_EXERCISE INSTRUCTIONS_
Beneath this task are records; print exactly the stretch of them from the line with "Rented by Metropolis" through the line with "294 Burlington Crescent, London", both ends included.

_SUPPLIED DATA_

==============================

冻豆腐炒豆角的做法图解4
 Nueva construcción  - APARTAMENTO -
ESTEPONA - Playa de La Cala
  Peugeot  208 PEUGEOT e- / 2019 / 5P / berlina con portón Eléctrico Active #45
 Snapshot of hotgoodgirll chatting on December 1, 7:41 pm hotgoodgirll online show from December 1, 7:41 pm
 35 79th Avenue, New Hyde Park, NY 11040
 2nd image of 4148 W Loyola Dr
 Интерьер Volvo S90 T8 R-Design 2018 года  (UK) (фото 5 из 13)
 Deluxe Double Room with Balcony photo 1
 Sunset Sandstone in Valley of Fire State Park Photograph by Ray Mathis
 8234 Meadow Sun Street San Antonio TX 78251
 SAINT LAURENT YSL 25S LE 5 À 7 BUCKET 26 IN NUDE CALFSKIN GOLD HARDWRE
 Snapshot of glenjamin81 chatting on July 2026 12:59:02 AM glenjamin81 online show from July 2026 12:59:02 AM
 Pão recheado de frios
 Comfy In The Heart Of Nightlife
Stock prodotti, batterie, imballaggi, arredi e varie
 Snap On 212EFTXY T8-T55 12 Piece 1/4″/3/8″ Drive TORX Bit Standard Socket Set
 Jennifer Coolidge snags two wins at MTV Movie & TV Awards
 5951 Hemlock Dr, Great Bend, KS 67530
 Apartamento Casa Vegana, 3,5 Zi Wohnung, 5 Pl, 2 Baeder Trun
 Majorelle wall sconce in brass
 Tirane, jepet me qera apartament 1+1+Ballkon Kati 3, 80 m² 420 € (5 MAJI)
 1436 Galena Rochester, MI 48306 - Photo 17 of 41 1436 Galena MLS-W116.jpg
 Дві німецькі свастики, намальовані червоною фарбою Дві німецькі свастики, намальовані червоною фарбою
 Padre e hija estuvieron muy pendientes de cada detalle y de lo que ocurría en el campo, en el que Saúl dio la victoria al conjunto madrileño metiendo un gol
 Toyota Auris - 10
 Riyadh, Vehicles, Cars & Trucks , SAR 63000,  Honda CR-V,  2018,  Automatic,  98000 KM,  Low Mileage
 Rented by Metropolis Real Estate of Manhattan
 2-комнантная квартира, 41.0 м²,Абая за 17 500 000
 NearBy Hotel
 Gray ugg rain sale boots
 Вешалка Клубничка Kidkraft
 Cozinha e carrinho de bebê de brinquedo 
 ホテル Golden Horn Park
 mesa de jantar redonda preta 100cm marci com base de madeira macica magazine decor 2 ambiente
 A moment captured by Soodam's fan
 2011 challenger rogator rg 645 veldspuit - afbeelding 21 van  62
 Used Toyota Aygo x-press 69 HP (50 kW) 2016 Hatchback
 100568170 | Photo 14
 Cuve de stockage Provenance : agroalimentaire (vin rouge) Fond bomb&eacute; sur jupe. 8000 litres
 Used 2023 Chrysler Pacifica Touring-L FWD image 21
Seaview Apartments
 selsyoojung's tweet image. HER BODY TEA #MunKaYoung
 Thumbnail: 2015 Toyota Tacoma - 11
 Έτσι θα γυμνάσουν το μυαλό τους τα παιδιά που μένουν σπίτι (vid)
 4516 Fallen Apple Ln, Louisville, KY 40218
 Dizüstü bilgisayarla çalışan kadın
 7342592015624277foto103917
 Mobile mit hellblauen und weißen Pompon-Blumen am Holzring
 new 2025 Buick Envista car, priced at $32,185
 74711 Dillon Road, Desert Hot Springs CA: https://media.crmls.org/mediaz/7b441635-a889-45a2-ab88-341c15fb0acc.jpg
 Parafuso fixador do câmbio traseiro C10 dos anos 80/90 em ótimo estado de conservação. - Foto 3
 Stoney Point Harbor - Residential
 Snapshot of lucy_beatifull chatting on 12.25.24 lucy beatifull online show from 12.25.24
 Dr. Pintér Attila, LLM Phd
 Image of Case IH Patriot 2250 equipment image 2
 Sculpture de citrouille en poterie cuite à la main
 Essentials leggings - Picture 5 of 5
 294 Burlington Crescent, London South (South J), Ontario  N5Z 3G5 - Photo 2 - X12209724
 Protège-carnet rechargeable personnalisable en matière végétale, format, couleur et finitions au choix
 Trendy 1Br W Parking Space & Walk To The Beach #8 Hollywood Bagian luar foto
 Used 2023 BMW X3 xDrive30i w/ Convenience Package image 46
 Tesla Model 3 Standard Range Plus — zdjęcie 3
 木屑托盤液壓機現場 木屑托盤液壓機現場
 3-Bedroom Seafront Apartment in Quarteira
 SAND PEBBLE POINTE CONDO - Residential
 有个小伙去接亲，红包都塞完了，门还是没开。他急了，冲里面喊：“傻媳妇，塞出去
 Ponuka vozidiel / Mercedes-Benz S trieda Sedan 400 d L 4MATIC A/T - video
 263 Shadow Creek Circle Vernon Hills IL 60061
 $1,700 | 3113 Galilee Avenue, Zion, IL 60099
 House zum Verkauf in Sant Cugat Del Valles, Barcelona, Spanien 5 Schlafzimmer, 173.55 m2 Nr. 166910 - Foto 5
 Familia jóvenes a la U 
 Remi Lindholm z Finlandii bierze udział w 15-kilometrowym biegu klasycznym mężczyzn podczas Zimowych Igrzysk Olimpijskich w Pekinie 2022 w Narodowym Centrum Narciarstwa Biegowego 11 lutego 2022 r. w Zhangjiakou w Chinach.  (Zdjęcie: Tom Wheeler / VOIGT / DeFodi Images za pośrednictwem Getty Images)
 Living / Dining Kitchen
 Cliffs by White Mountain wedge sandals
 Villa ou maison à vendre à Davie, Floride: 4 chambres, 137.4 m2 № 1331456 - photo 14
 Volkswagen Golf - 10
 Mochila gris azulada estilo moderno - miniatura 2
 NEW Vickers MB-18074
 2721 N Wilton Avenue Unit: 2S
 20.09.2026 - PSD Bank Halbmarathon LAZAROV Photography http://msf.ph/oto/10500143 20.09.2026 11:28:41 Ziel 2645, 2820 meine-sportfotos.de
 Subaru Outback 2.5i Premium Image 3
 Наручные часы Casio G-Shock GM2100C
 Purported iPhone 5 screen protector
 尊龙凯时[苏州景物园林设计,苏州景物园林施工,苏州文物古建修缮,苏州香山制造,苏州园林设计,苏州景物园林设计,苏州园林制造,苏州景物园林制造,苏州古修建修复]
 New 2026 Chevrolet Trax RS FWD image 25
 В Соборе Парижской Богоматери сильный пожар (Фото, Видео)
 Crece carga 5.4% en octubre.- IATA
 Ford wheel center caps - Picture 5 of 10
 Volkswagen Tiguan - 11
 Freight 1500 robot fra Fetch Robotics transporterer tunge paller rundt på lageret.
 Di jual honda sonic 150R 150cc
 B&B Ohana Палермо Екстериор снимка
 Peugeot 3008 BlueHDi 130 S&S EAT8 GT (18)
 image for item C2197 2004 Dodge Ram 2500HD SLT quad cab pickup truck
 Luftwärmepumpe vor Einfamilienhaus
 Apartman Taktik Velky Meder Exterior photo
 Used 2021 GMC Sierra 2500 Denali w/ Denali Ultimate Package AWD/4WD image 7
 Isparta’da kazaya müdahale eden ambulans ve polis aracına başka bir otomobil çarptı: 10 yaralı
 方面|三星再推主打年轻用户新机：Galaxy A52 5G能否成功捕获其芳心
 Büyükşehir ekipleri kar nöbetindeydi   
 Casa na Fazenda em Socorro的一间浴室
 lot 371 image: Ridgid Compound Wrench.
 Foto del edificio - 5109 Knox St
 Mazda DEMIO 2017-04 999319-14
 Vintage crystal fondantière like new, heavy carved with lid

==============================

_RESPONSE TO THE EXERCISE_
 Rented by Metropolis Real Estate of Manhattan
 2-комнантная квартира, 41.0 м²,Абая за 17 500 000
 NearBy Hotel
 Gray ugg rain sale boots
 Вешалка Клубничка Kidkraft
 Cozinha e carrinho de bebê de brinquedo 
 ホテル Golden Horn Park
 mesa de jantar redonda preta 100cm marci com base de madeira macica magazine decor 2 ambiente
 A moment captured by Soodam's fan
 2011 challenger rogator rg 645 veldspuit - afbeelding 21 van  62
 Used Toyota Aygo x-press 69 HP (50 kW) 2016 Hatchback
 100568170 | Photo 14
 Cuve de stockage Provenance : agroalimentaire (vin rouge) Fond bomb&eacute; sur jupe. 8000 litres
 Used 2023 Chrysler Pacifica Touring-L FWD image 21
Seaview Apartments
 selsyoojung's tweet image. HER BODY TEA #MunKaYoung
 Thumbnail: 2015 Toyota Tacoma - 11
 Έτσι θα γυμνάσουν το μυαλό τους τα παιδιά που μένουν σπίτι (vid)
 4516 Fallen Apple Ln, Louisville, KY 40218
 Dizüstü bilgisayarla çalışan kadın
 7342592015624277foto103917
 Mobile mit hellblauen und weißen Pompon-Blumen am Holzring
 new 2025 Buick Envista car, priced at $32,185
 74711 Dillon Road, Desert Hot Springs CA: https://media.crmls.org/mediaz/7b441635-a889-45a2-ab88-341c15fb0acc.jpg
 Parafuso fixador do câmbio traseiro C10 dos anos 80/90 em ótimo estado de conservação. - Foto 3
 Stoney Point Harbor - Residential
 Snapshot of lucy_beatifull chatting on 12.25.24 lucy beatifull online show from 12.25.24
 Dr. Pintér Attila, LLM Phd
 Image of Case IH Patriot 2250 equipment image 2
 Sculpture de citrouille en poterie cuite à la main
 Essentials leggings - Picture 5 of 5
 294 Burlington Crescent, London South (South J), Ontario  N5Z 3G5 - Photo 2 - X12209724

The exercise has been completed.